Poésie et politique : Martín Rodríguez et Santiago Llach

Une génération, si tant est qu'elle existe, est tout sauf un ensemble homogène et compact. Seule la mort demeure immobile ; par conséquent, une génération vivante et dynamique est nécessairement chaotique et en perpétuel mouvement intérieur. Et pour embrasser l'ensemble du tableau et ne rien manquer, il faut prendre du recul. La distance la plus pertinente est toujours celle du temps, qui passe, court, s'envole et, à un moment donné, fixe les choses.
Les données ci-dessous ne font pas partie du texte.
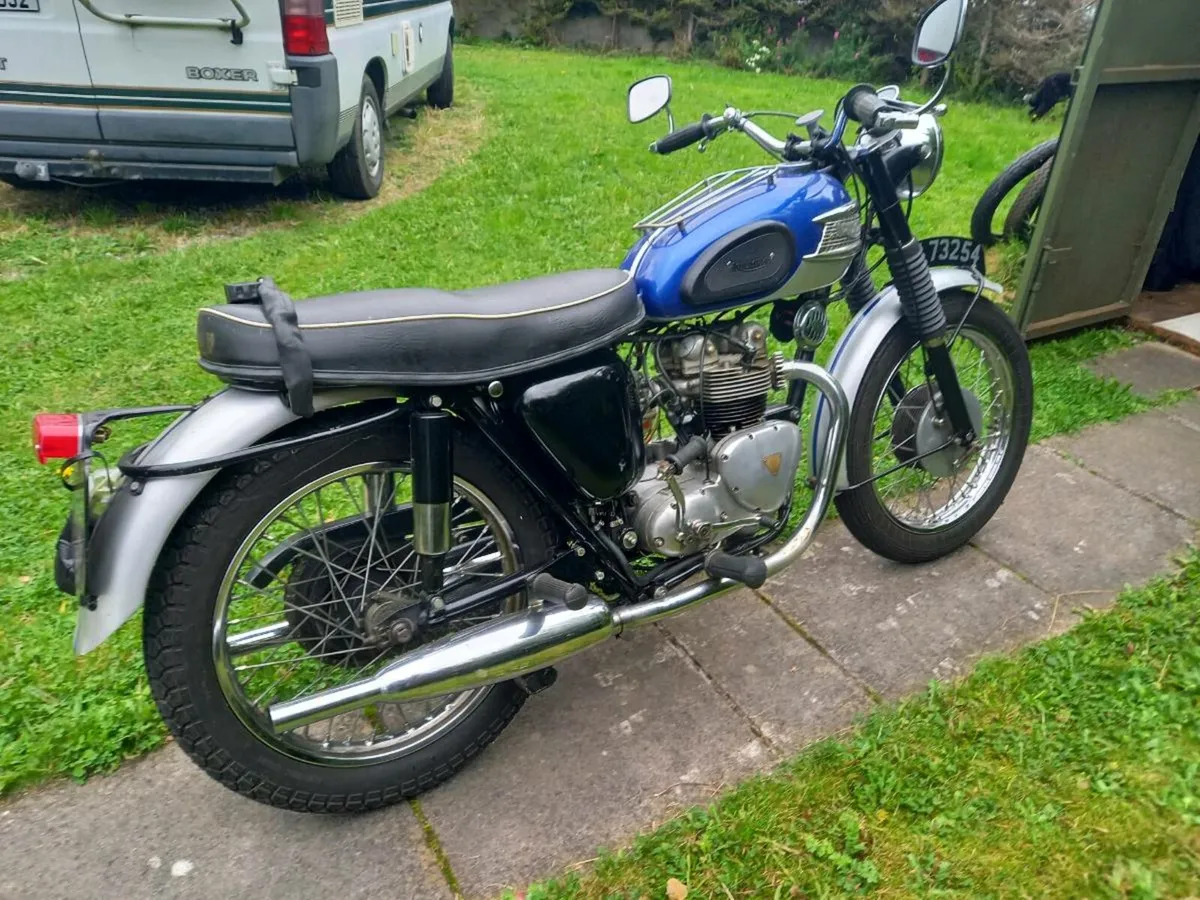 Triumph 3ta - Image 3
Quand on pense à la poésie argentine, les années 1990 apparaissent comme une période marquée par un sentiment de rupture, de visibilité, de mystère et de renouveau, tout en restant figée dans le temps. Dans cette perspective historique, une génération s'est cristallisée dans l'imaginaire de certains lecteurs, si tant est que cela soit encore possible. Les anthologies *Poesía mundial * (Neutrinos) de Martín Rodríguez et *Padres y maestros* (Híbrida) de Santiago Llach , rassemblant des poètes dont la publication a débuté à la fin des années 1990, nous incitent à considérer qu'une génération est bien plus complexe qu'une simple période entre deux dates.
Rodríguez (Buenos Aires, 1978) C'est un poète qui aborde son œuvre avec des mots explorant de multiples perspectives – microhistorique, familière, les failles institutionnelles – qui s'entrecroisent. Finalement, ces flots de sens semblent converger dans l'océan de la politique, au sens existentiel du terme, chargé de peur, de violence et de tremblements. Comment vivre lorsque la subjectivité est broyée par l'oppression d'un système aussi inégalitaire ?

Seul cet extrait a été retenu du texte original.